Official speeches and statements - September 26, 2017
2. 72nd United Nations General Assembly - Climate - Summit on the Global Pact for the Environment - Speech by Mr. Emmanuel Macron, President of the Republic (New York - September 19, 2017)
1. 72nd United Nations General Assembly - Fight against terrorism - Cyber security - Digital technology - Speech by Mr. Emmanuel Macron, President of the Republic (New York - September 20, 2017)
Prime Minister, Chère Theresa,
Prime Minister, Cher Paolo,
Cher Ken Walker,
Ladies and gentlemen,
I can totally subscribe to what Theresa May has just said, and indeed particularly following the attacks Britain has had to endure the initiative taken in Taormina under the Italian G7 presidency, then the initiative taken in the Franco-British joint statement, subsequently extended to our European partners, signaled our collective determination to make progress towards the agenda of a bigger, more effective fight against terrorist propaganda online.
What are we talking about? As the Prime Minister has just said, it’s about our collective effectiveness in protecting our citizens. And it’s a challenge we share as governments and Internet operators. We must make no mistake: if, in today’s world, with contemporary communication technology, we’re no longer capable as governments of guaranteeing to protect our fellow citizens from what endangers them, from those who kill our children, then either we change our civilization or we’ll move towards much tougher rules.
And we’ve already wasted a lot of time on this issue, because for too long some people believed it was up to governments alone to protect our fellow citizens. And it does have to be said that the world of the Internet is a tremendous opportunity which revolutionizes our horizons, enables us to be more efficient and creates a new continent of opportunities, but unfortunately the worst things also occur there. And so the question is how, collectively, we shoulder our responsibilities to ensure that the worst things no longer occur there.
In this respect, today’s statement is a step. Is it a big enough one? No. Is it satisfactory? In a way, because it’s an improvement on the situation we were in. Does it call for other meetings and further progress? Decidedly yes, because if we can’t make progress in this way, we won’t be able to make it in other ways, under the pressure of events, and we won’t make it through legislation, so collectively we think it’s more intelligent to proceed as we are today.

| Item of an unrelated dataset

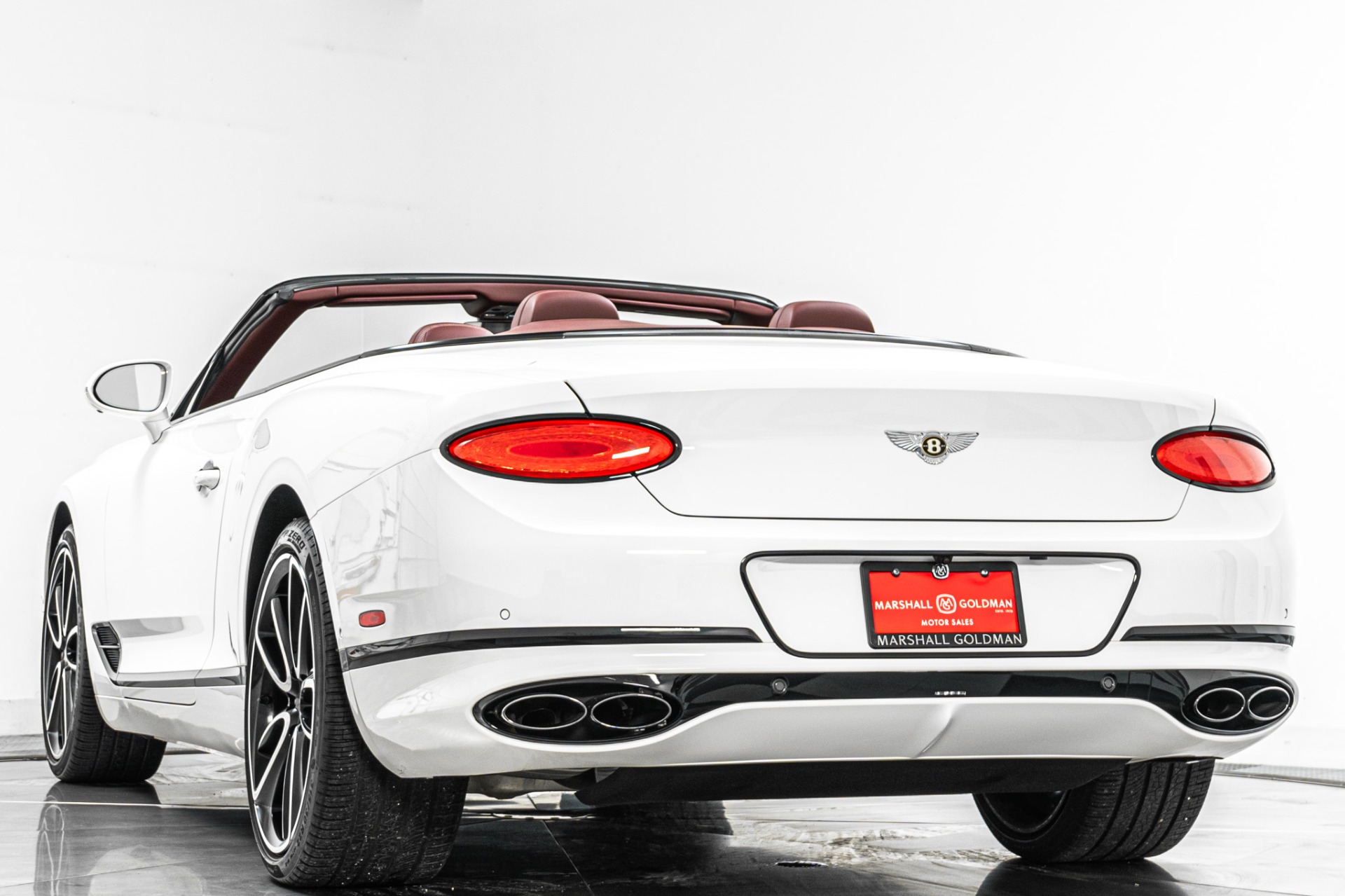 Bentley Continental GTC V8 -Mulliner, Front Seat Comfort Specifications, Naim Audio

The first effort, the first direction adopted by this statement is the approach we’ve been taking collectively for several weeks, namely the removal of content expressing support for terrorism and calling for violence. The speed of detection and removal of potentially terrorist or hate-filled content is making headway. As the Prime Minister has just recalled, every hour counts, every hour, because young or less young people have access to this propaganda and can switch, in an instant, to very vulnerable situations; we know this, it’s been documented.
Not all content is identified, and I don’t underestimate the difficulty of identifying actual terrorist content. The most brutal and violent scenes can be easily identified, but there’s more insidious language, and so we must work even more to identify it more effectively. Moreover, removed content may reappear, and some content isn’t even removed, given the difficulty of detecting it.
And faced with a modern army of terrorists who use an asymmetrical modus operandi, both states and companies must adapt their strategies. First of all, it seems to me that the major companies represented here have pledged, in the joint statement we’re going to publish, to increase the resources devoted to removing content. That’s a necessary commitment which I want to commend here. We need more investment in research, more human resources, more automation to achieve swift, definitive and complete removals.
It’s then necessary for the efforts agreed on by large companies to identify and remove illicit content to also benefit small companies, so that this content doesn’t reappear on less well-known social networks and take a parallel route. I also note that, through its Redirect project, one of the companies in the forum takes into account a specific risk, namely filter bubbles, i.e. the risk of individuals surfing the web being exposed only to content that reinforces their radicalization. That’s an absolutely essential approach; I think that the statement isn’t clear enough on this and that it’s essential for all operators to make progress in this direction.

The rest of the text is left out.